2. Architecture

2.1. Software

Our software architecture consists of four main modules. The low-level control module receives goal points and control signals to direct the robot’s movements. The segmentation module processes RGBD images from the robot’s sensors (camera, LiDAR, odometry) and identifies different objects and regions in the environment. The scene graph (SG) builder module constructs a 3D scene graph from the segmented data, representing spatial relationships and object attributes. Finally, the language query module, powered by a large language model, interprets high-level instructions and converts them into goal points for the low-level controller, enabling the robot to understand and execute complex tasks. Later, we will introduce our implementation details in the following paragraph.

2.2. Hardware

In our hardware architecture, various components work together to enable the robot to navigate and interact with its environment efficiently. The AMD KR260 serves as the core component, interfacing with multiple sensors including the Realsense camera, VLP16 LiDAR, and the Kobuki wheeled robot. The KR260 processes input from these sensors, utilizing SLAM to construct a basic 2D costmap for navigation and building a 3D scene graph from labeled images.

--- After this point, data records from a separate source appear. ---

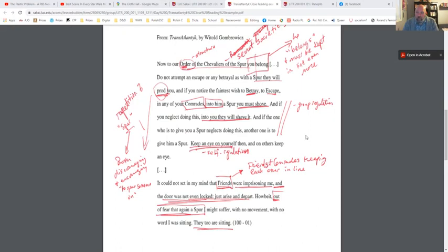One part of the close reading process is looking things up in a dictionary. If you don't know a word, look it up. A chevalier is basically like a cavalier, like a knight. So it could be 'Knights of the Spur.' When I first read this, it made me think of secret societies like the Knights Templar, or other clandestine organizations like that. I also highlighted 'you belong' — he belongs and must be kept in line.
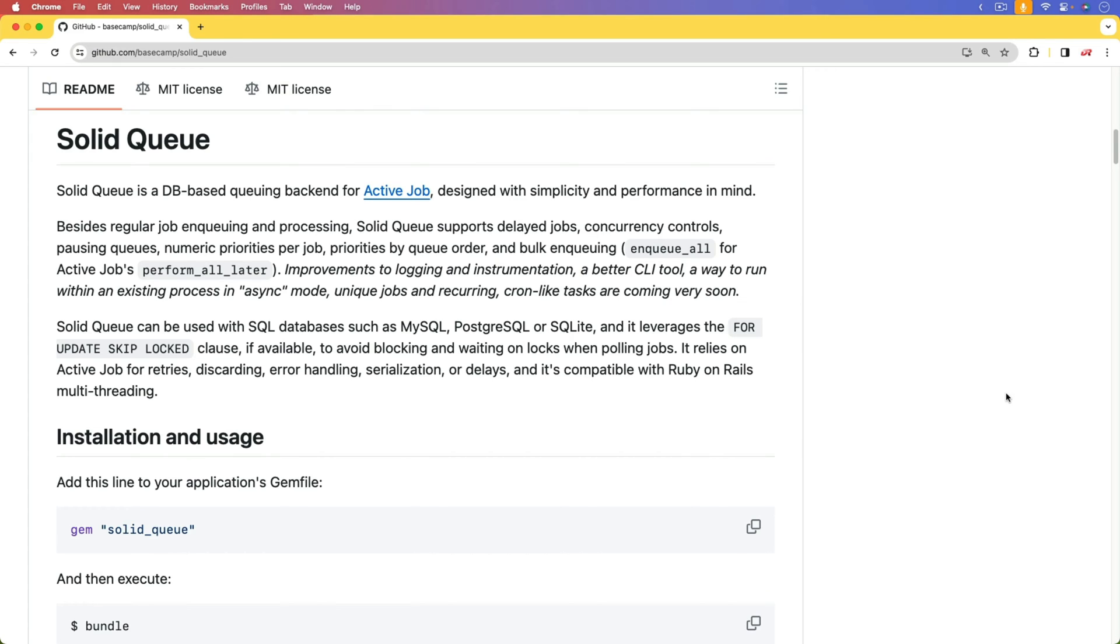And if you're unfamiliar with what ActiveJob is, or background workers, think of it like when a user wants to sign up for your service, they need to enter in their email address and password. This will send an email to the user so that they can confirm their email address and their account.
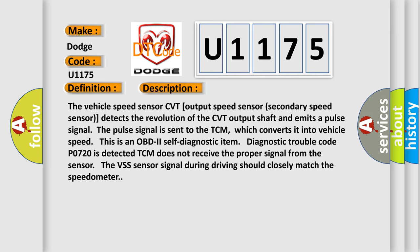which converts it into vehicle speed. This is an OBD2 self-diagnostic item. Diagnostic trouble code P0720 is detected. TCM does not receive the proper signal from the sensor. The VSS sensor signal during driving should closely match the speedometer.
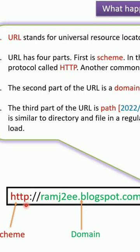Another common scheme is HTTPS. With HTTPS the connection between browser and the web server is encrypted.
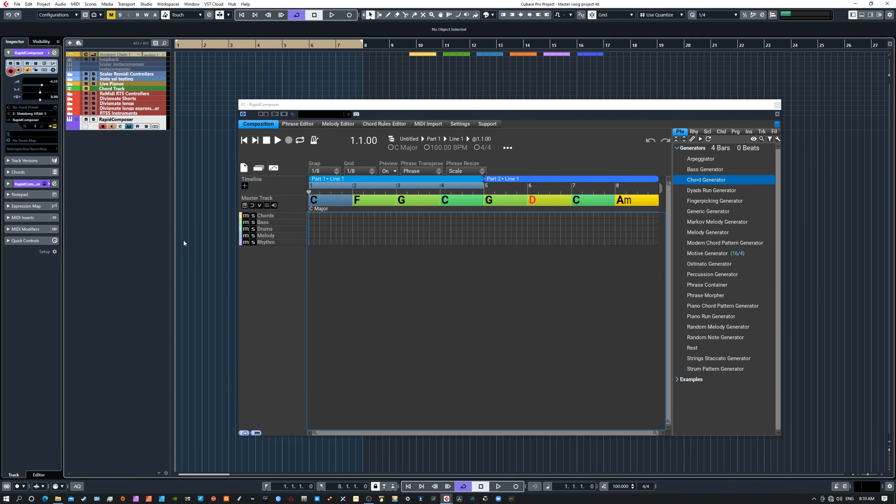Welcome to the video. Today we're going to take a look at Rapid Composer and some of the initial settings that you can adjust to make the program a little more user-friendly to the way you like to work. Let's take a look at some of those settings and how they can be adjusted.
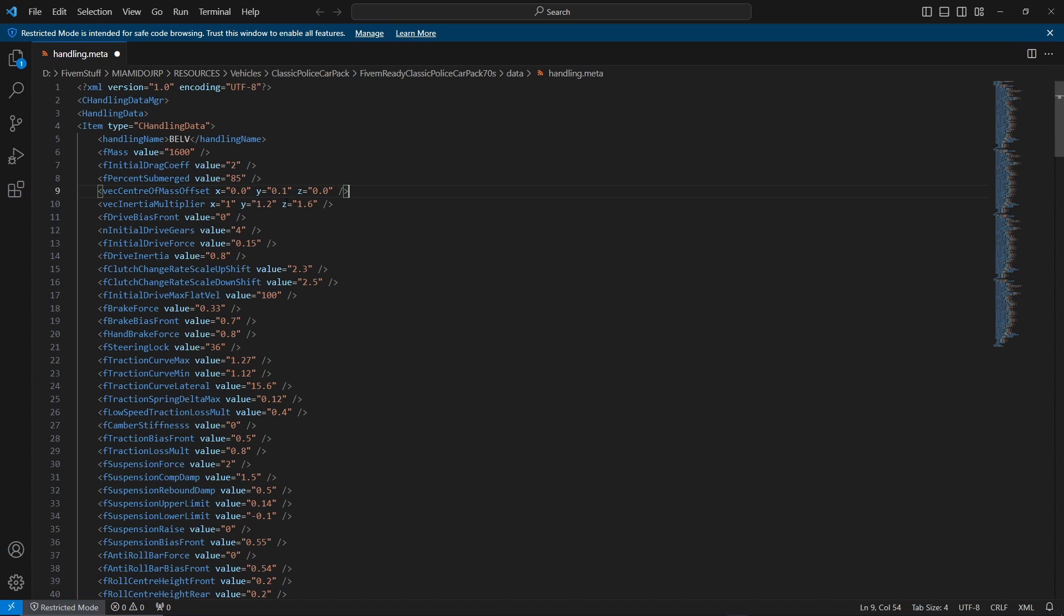The next thing is drive bias front. This determines whether the vehicle is front wheel drive, rear wheel drive, or four wheel drive. 0.0 or just 0 is rear wheel drive, 1.0 is front wheel drive, and any value between 0.01 to 0.99 is four wheel drive, with 0.5 being perfect four wheel drive.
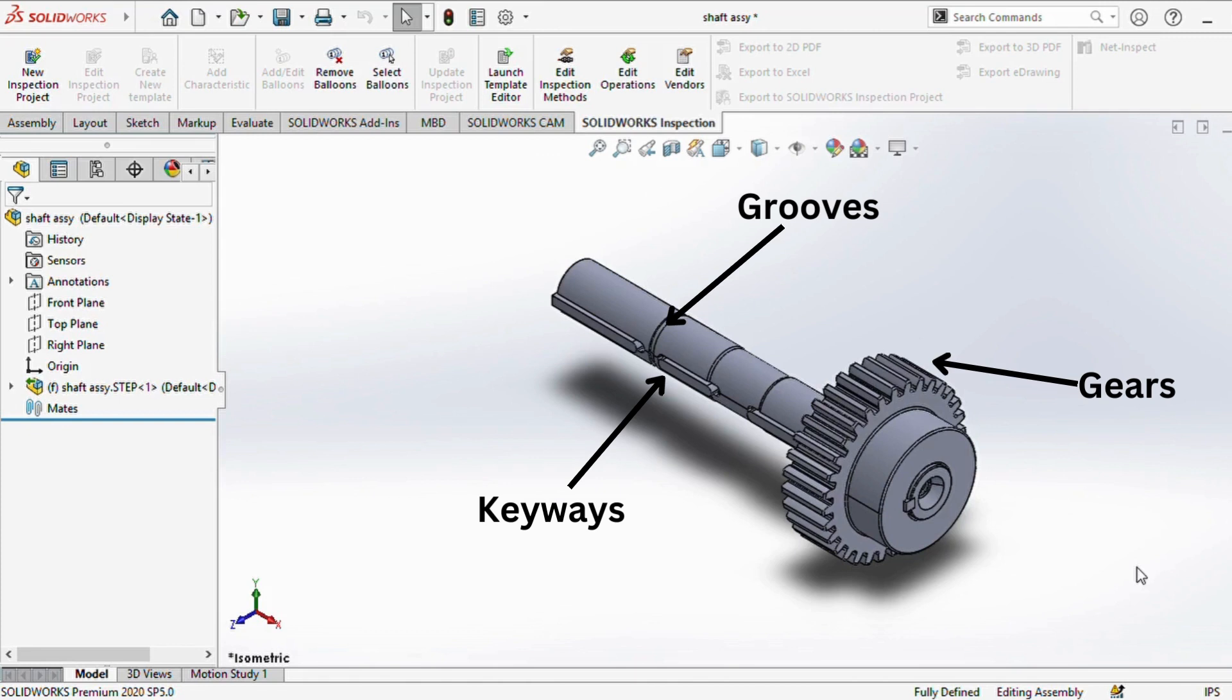Now, let's discuss some components that operate in tandem with shafts: gears, keyways, and grooves.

Due to the high computational load, a local server is employed for semantic segmentation, sending the labeled images back to the KR260 to build a semantic 3D scene graph. The scene graph is encoded into a hierarchical YAML file, which is then queried by a remote server hosting a Large Language Model (LLM) with goal descriptions such as “I want to go to bed.” The LLM processes these queries and returns a goal point, which the KR260 uses to navigate the robot to the desired location.